It is a common misconception that pre-nuptial agreements are only for the rich and famous. However in reality pre-nuptial agreements are becoming increasingly popular with couples from all walks of life who are preparing to marry.
A pre-nuptial agreement is a legal agreement between two individuals before their marriage has taken place. The agreement can help to protect assets accumulated before marriage and sets out how the couple wish their assets to be divided if they later separate or divorce.
Pre-nuptial agreements are not automatically legally binding however provided the agreement adheres to certain formalities they will carry significant weight and can be upheld by the courts.
A pre-nuptial agreement is important as once married assets are assumed to be joint. Therefore, in the event the breakdown of the marriage these assets would be shared.
A pre-nuptial agreement is a particularly good idea in the following circumstances:
- Where one party is wealthier than other
- Parties are bringing significant assets into the marriage
- Where either of the parties has children from a previous marriage and they want to protect wealth for those children.

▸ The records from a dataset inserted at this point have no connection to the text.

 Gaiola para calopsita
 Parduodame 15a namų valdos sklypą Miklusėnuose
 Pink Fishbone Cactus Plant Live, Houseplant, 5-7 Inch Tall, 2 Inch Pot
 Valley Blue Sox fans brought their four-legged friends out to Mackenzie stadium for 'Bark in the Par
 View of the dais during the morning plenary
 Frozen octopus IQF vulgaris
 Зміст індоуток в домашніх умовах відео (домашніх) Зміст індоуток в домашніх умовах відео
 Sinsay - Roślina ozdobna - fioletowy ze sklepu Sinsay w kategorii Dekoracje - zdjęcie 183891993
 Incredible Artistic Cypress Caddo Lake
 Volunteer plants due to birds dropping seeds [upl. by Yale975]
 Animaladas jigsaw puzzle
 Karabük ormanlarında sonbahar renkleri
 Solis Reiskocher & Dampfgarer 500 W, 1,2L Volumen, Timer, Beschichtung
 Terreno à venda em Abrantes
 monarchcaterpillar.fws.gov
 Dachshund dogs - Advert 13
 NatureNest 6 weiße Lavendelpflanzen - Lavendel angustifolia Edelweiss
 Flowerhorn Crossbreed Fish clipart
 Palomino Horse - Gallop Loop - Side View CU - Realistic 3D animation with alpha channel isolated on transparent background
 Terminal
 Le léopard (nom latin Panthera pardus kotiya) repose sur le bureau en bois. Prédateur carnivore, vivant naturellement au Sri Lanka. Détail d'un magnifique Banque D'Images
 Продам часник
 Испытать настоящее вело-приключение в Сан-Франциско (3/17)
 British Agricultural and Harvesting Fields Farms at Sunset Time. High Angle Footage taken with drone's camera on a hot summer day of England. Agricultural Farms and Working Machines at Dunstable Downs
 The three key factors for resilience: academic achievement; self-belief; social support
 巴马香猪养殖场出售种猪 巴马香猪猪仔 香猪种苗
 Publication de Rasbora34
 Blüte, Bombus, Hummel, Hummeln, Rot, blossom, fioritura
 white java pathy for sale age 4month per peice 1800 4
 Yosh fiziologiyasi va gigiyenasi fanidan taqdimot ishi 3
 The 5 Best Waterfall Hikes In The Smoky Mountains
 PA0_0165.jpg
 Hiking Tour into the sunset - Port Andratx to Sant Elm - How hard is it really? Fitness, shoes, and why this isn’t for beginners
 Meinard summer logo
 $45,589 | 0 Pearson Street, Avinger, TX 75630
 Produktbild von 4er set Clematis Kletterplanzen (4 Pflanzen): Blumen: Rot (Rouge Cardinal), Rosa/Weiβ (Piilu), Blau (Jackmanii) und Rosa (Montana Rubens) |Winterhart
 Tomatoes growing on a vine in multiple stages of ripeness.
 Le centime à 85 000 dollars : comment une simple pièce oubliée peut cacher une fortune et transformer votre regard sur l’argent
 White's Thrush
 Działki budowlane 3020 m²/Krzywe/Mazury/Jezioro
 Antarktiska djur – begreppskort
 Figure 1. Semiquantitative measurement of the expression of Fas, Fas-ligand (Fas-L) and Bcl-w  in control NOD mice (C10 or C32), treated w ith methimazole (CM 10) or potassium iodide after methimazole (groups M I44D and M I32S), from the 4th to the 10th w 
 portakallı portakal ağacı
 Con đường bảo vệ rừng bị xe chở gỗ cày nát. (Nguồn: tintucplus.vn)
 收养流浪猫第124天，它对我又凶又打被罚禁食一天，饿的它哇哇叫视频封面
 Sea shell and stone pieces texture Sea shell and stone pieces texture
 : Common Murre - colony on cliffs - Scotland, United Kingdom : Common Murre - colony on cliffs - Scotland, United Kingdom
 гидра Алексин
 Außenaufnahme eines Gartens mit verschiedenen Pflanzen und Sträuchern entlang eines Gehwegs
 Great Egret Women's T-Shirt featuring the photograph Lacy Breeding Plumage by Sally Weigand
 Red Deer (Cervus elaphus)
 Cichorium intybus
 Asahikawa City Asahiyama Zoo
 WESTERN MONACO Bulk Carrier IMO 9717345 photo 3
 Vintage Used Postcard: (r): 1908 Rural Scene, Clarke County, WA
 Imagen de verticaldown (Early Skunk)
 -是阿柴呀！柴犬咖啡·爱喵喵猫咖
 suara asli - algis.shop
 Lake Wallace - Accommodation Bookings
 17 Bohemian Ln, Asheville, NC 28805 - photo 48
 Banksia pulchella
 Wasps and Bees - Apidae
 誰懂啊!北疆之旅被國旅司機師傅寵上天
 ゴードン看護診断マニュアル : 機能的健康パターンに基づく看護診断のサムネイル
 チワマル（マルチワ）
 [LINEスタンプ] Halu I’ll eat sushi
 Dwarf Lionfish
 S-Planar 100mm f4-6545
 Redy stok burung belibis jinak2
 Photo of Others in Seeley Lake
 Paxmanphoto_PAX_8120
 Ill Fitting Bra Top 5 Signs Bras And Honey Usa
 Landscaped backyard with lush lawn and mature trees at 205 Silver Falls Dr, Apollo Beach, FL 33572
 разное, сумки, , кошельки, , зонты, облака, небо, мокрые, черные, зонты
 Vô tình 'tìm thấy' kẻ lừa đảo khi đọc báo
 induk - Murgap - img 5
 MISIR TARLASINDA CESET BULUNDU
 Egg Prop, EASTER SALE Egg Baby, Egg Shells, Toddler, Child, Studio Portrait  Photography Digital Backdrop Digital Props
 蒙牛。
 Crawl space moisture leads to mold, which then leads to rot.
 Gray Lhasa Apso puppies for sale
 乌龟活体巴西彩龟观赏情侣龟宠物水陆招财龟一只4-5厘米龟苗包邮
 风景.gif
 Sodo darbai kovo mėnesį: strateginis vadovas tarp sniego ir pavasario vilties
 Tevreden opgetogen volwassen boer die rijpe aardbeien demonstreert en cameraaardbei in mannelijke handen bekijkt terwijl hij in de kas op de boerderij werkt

- Where either party runs a business and wishes to ensure that it is protected
Traditionally pre-nuptial agreements have been viewed as unromantic and no one wishes to think about the end of their marriage before it has even begun. It is however preferable to reach an agreement when relations are good rather than trying to resolve financial matters at the end of the relationship when the parties are likely to hold animosity to one another. Having a pre-nuptial agreement in place is also likely to limit the scope of costly financial proceedings in the event of the breakdown of the marriage.
A pre-nuptial agreement should be viewed as a ‘marriage insurance policy’, which is not something that you plan to use but useful to have in place if the worst were to happen.